--- START ---

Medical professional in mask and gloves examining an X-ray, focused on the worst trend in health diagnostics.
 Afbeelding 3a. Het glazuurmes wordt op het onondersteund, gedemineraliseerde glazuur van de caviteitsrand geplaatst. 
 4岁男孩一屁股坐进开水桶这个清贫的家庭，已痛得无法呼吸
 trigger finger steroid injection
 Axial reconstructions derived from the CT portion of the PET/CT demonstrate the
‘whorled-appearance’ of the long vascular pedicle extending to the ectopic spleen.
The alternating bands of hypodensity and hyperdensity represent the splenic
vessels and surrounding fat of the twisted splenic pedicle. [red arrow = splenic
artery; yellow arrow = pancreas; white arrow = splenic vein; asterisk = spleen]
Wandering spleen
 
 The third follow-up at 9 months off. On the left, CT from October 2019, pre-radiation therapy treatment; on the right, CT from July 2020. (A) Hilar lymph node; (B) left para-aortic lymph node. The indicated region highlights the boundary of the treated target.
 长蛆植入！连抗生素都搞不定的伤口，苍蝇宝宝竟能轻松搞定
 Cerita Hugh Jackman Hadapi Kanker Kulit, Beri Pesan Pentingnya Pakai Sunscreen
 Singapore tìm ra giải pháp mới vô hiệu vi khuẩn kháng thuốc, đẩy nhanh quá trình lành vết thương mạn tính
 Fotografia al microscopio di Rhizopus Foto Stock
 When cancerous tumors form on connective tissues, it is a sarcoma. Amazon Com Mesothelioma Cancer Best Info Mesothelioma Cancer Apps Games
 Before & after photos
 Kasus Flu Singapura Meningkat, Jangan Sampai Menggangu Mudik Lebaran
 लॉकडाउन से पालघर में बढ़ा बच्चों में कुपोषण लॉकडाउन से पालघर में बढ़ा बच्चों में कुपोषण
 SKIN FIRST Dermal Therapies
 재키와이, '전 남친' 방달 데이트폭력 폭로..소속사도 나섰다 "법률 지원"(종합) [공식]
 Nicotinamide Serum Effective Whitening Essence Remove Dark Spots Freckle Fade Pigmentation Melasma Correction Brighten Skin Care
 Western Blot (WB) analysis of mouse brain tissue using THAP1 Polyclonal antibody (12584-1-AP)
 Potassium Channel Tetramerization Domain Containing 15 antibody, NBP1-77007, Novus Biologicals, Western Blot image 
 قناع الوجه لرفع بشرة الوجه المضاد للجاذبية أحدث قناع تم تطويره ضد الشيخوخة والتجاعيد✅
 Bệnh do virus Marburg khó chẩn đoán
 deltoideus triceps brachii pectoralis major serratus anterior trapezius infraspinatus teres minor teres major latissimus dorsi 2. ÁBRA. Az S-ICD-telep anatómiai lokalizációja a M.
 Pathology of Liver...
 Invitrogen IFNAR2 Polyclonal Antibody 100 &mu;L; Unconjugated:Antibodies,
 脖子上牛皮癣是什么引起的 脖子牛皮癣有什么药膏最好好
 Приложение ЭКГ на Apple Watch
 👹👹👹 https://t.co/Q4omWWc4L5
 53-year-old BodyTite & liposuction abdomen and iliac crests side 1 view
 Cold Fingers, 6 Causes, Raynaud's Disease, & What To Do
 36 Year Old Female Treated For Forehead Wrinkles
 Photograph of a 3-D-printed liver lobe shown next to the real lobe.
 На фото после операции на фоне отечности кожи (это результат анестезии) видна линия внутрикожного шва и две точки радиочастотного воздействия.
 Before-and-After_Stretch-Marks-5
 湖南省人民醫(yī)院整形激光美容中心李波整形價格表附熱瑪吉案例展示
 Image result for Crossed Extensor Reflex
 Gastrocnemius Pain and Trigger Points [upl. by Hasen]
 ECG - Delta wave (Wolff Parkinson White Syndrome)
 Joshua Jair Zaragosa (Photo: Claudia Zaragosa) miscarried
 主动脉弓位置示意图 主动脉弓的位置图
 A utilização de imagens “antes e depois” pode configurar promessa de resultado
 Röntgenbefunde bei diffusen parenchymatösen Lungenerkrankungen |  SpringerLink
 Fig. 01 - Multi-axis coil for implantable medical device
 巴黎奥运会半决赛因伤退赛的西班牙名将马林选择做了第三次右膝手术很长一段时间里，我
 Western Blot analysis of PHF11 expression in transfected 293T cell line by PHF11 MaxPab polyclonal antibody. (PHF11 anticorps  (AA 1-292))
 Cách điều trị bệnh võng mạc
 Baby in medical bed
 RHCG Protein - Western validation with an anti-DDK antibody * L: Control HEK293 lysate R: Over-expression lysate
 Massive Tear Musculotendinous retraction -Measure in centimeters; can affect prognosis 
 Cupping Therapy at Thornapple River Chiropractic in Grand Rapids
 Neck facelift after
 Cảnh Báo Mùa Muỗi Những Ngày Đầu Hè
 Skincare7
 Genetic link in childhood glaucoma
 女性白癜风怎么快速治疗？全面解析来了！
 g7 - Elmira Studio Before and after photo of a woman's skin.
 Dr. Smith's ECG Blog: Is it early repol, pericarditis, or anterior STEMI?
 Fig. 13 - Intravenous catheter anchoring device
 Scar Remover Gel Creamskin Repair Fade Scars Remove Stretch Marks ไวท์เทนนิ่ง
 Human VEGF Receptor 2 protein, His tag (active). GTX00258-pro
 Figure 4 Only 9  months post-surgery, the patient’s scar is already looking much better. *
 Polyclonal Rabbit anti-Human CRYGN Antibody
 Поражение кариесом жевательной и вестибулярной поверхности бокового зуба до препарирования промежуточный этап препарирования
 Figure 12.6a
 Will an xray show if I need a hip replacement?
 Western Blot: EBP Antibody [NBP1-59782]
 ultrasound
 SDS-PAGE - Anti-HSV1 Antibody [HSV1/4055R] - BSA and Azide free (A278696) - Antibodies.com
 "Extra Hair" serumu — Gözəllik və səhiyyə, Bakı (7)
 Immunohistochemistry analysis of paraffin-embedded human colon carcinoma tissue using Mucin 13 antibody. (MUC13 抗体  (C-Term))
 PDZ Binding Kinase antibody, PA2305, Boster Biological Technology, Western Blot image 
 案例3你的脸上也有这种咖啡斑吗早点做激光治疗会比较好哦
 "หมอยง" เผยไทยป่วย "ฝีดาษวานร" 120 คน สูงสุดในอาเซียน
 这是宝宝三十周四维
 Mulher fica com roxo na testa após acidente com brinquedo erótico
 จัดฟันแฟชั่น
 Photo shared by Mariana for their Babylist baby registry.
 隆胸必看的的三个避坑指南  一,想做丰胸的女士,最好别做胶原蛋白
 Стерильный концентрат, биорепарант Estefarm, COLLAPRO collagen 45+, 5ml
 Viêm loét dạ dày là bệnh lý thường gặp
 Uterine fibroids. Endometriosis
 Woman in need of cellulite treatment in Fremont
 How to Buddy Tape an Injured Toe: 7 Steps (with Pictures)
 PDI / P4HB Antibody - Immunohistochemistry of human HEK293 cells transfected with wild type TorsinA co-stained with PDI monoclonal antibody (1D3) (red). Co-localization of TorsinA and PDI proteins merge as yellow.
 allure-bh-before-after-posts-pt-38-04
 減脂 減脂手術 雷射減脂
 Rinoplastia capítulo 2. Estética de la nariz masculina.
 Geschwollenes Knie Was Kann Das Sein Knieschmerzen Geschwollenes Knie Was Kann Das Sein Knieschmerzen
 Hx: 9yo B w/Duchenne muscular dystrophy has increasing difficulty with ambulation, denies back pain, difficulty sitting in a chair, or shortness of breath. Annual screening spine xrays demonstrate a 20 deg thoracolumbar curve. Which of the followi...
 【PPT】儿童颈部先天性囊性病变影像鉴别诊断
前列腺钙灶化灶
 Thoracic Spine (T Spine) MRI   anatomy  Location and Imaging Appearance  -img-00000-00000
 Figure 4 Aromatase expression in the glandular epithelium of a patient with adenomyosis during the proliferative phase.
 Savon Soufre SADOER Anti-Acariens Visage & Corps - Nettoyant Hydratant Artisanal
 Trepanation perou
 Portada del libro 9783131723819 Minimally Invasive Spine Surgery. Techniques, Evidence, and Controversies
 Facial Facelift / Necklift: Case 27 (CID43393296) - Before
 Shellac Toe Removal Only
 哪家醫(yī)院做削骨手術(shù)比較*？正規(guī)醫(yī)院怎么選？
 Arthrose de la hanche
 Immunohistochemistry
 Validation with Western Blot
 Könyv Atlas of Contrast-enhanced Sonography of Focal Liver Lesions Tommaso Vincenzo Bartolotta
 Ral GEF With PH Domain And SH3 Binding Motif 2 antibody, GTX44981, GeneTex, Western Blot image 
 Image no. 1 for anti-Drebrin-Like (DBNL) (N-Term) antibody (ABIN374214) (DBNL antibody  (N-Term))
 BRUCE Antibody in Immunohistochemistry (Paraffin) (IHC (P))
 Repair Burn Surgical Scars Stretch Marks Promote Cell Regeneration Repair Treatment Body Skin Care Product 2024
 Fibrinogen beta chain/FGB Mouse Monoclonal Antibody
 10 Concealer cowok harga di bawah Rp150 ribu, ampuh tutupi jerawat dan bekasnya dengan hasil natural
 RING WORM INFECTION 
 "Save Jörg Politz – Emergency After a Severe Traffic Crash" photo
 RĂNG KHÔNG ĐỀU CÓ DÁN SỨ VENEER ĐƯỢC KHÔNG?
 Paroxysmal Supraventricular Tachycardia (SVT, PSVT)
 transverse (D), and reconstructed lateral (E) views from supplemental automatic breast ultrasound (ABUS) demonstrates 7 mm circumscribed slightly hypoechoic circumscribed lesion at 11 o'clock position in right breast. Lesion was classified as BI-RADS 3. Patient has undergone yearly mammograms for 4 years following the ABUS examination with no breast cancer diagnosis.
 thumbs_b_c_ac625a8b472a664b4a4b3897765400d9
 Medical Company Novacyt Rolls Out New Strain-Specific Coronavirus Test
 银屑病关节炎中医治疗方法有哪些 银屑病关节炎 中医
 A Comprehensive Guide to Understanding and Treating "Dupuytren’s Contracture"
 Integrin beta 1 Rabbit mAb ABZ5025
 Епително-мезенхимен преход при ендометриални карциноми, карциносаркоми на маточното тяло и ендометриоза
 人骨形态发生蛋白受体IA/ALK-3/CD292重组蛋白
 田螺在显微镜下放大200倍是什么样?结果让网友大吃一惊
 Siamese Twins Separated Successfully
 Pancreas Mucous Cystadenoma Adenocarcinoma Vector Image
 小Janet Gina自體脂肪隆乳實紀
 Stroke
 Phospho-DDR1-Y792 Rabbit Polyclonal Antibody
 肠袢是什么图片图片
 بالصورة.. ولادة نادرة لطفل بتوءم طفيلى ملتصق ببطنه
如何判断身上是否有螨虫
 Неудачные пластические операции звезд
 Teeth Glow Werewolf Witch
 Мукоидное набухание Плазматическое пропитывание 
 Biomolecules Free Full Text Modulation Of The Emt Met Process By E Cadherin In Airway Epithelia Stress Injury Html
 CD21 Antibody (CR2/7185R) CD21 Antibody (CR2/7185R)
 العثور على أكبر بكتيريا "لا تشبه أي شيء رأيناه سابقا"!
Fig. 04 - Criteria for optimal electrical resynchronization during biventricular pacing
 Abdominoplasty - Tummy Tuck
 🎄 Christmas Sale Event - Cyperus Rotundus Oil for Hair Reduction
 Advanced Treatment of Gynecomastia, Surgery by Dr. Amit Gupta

--- END ---

WHAT THE EXERCISE ASKS: An exact copy of the lines above between the line holding "Human VEGF Receptor" and the line holding "Immunohistochemistry analysis of", inclusive, is the whole answer.

EXPECTED ANSWER:
 Human VEGF Receptor 2 protein, His tag (active). GTX00258-pro
 Figure 4 Only 9  months post-surgery, the patient’s scar is already looking much better. *
 Polyclonal Rabbit anti-Human CRYGN Antibody
 Поражение кариесом жевательной и вестибулярной поверхности бокового зуба до препарирования промежуточный этап препарирования
 Figure 12.6a
 Will an xray show if I need a hip replacement?
 Western Blot: EBP Antibody [NBP1-59782]
 ultrasound
 SDS-PAGE - Anti-HSV1 Antibody [HSV1/4055R] - BSA and Azide free (A278696) - Antibodies.com
 "Extra Hair" serumu — Gözəllik və səhiyyə, Bakı (7)
 Immunohistochemistry analysis of paraffin-embedded human colon carcinoma tissue using Mucin 13 antibody. (MUC13 抗体  (C-Term))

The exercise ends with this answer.